In realtà la portata innovativa della introduzione di questa fattispecie criminosa, anch’essa da inserire nelle dinamiche delle norme definite “carcerogene” dal Presidente del Senato Grasso, è piuttosto relativa. Infatti, ad eccezione di aver previsto il fatto come un delitto (anziché una contravvenzione com’è stato fino ad ora) punito nel quantum con una misura astrattamente in grado di consentire l’applicazione di misure cautelari, la condotta di “bruciamento di rifiuti non autorizzata” era già un reato e (ergo) patrimonio consolidato della nostra giurisprudenza penale!

Che l’illecita combustione dei rifiuti fosse una violazione – nella sostanza e nella prassi applicativa – priva di rilevanza penale come è stato presentato direttamente dalla Presidenza del Consiglio dei Ministri non è per niente condivisibile. Infatti l’art. 256 del D. Lgs. 152/2006 punisce come contravvenzione (arresto da tre mesi a un anno o con l'ammenda da duemilaseicento euro a ventiseimila euro se si tratta di rifiuti non pericolosi, con la pena dell'arresto da sei mesi a due anni e con l'ammenda da duemilaseicento euro a ventiseimila euro se si tratta di rifiuti pericolosi) la gestione non autorizzata di rifiuti, comprendente fra le tante attività quelle di raccolta, trasporto, recupero, smaltimento, commercio ed intermediazione di rifiuti.

Orbene che l’abbruciamento fosse un modo di smaltire i rifiuti era chiaramente indicato nell’allegato B alla parte quarta del decreto in questione (voce D10). Non solo. La Cassazione già nel 2008 aveva stabilito che “In tema di gestione dei rifiuti, l'eliminazione mediante incenerimento di rami d'alberi tagliati non usufruibili in processi produttivi integra il reato di smaltimento non autorizzato di rifiuti speciali non pericolosi (art. 256, comma primo, lett. a), D.Lgs. 3 aprile 2006, n. 152), in quanto tale materiale non costituisce materia prima secondaria riutilizzata in settori produttivi diversi senza pregiudizio per l'ambiente”[3].

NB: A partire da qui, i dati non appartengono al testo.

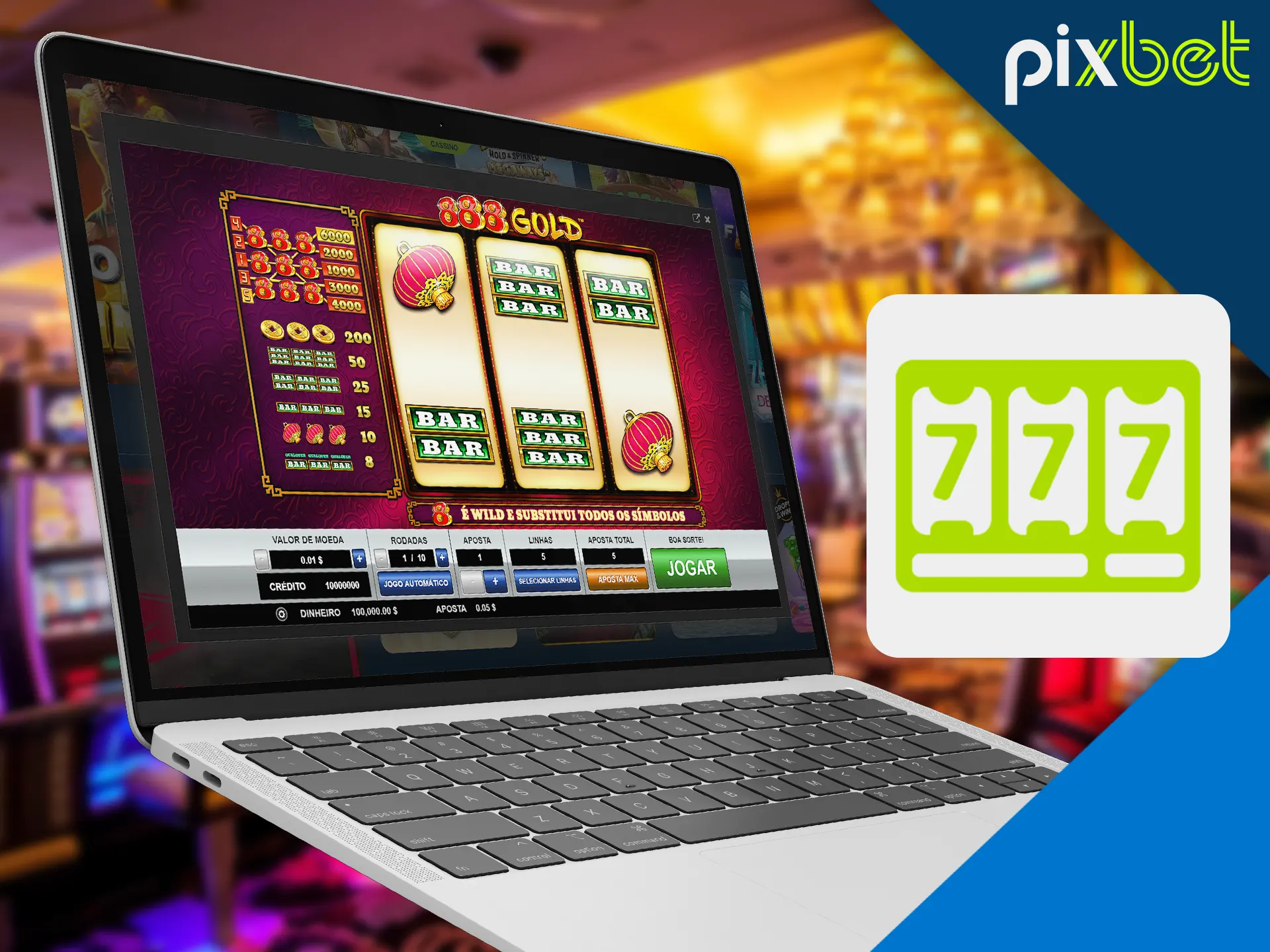 Play classic type of slots at the Pixbet.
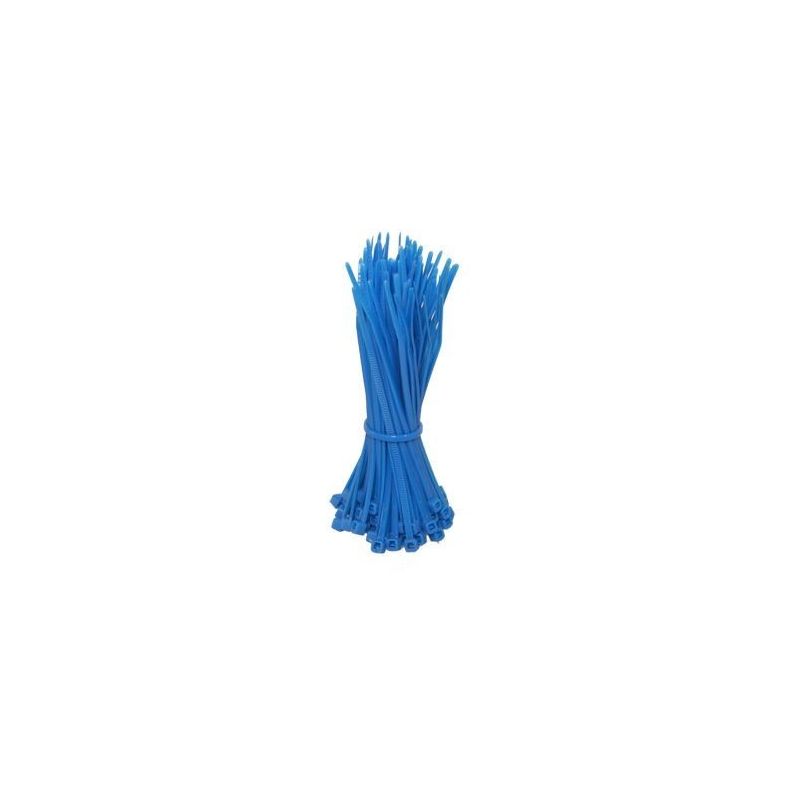 Abraçadeiras de nylon azuis de 140 mm - embalagem de 100 unidades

Idem per la confisca del mezzo usato per il trasporto di rifiuti: la condotta costituiva già reato.

Si aggiunga poi che non v’è traccia alcuna che questo delitto di nuova introduzione (si dovrà attendere la pubblica in G.U.) sia inserito tra quelli che ricadono nell’applicazione del D. Lgs. 231/2001 (Responsabilità degli enti per gli illeciti amministrativi dipendenti da reato), di fatto uno strumento efficace in chiave dissuasivo / repressiva per le consistenti sanzioni amministrative che vengono applicate dall’autorità giudiziaria ai responsabili.

Ci si augura che qualcuno si accorga di questa implicazione, non comprendendosi altrimenti una assenza ingiustificata e irragionevole.

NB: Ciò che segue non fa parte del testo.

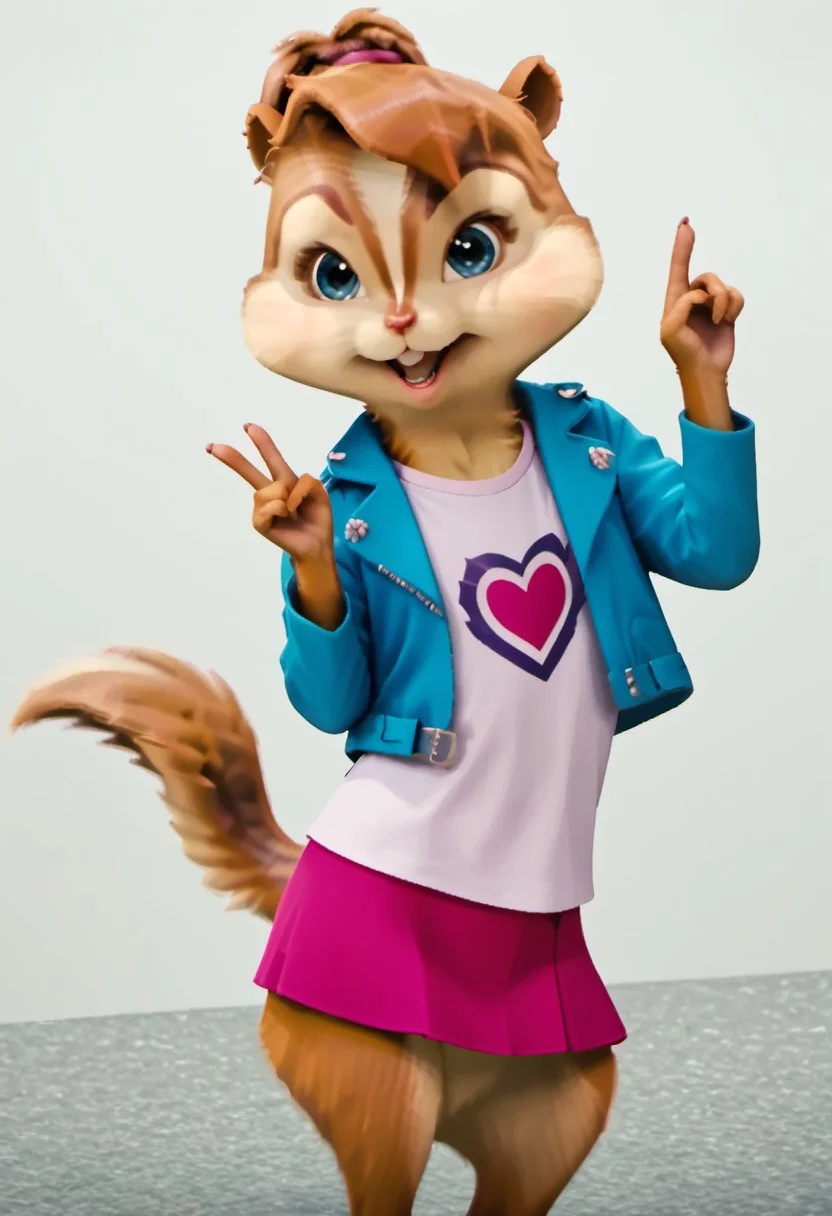 Score_9, score_8_up, score_7_up, source_furry, brittany miller, chipmunk, chipmunk girl, furry female, furry, 3d, render, white background, standing tall, good image quality, hand gestures, wearing a pink skirt and pink T-shirt, blue denim jacket, realistic and lively look, He pulls his hands forward at the viewer, wants to touch him,
<lora:Brittany_Miller__Alvin_and_the_Chipmunks__CG_Movie_version:0.8>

[1] Così chiamata per la presenza di roghi ai rifiuti.

[2] 1. Quando esercita l'azione penale nei confronti di un impiegato dello Stato o di altro ente pubblico, il pubblico ministero informa l'autorità da cui l'impiegato dipende, dando notizia dell'imputazione. Quando si tratta di personale dipendente dai servizi per le informazioni e la sicurezza militare o democratica, ne dà comunicazione anche al comitato parlamentare per i servizi di informazione e sicurezza e per il segreto di Stato. 2. Quando l'azione penale è esercitata nei confronti di un ecclesiastico o di un religioso del culto cattolico, l'informazione è inviata all'Ordinario della diocesi a cui appartiene l'imputato. 3. Quando esercita l'azione penale per un reato che ha cagionato un danno per l'erario, il pubblico ministero informa il procuratore generale presso la Corte dei conti, dando notizia della imputazione. 3-bis. Il pubblico ministero invia la informazione contenente la indicazione delle norme di legge che si assumono violate anche quando taluno dei soggetti indicati nei commi 1 e 2 è stato arrestato o fermato ovvero si trova in stato di custodia cautelare.

[3] Cass. pen. Sez. III Sent., 04-11-2008, n. 46213 (rv. 241790), CED Cassazione, 2008.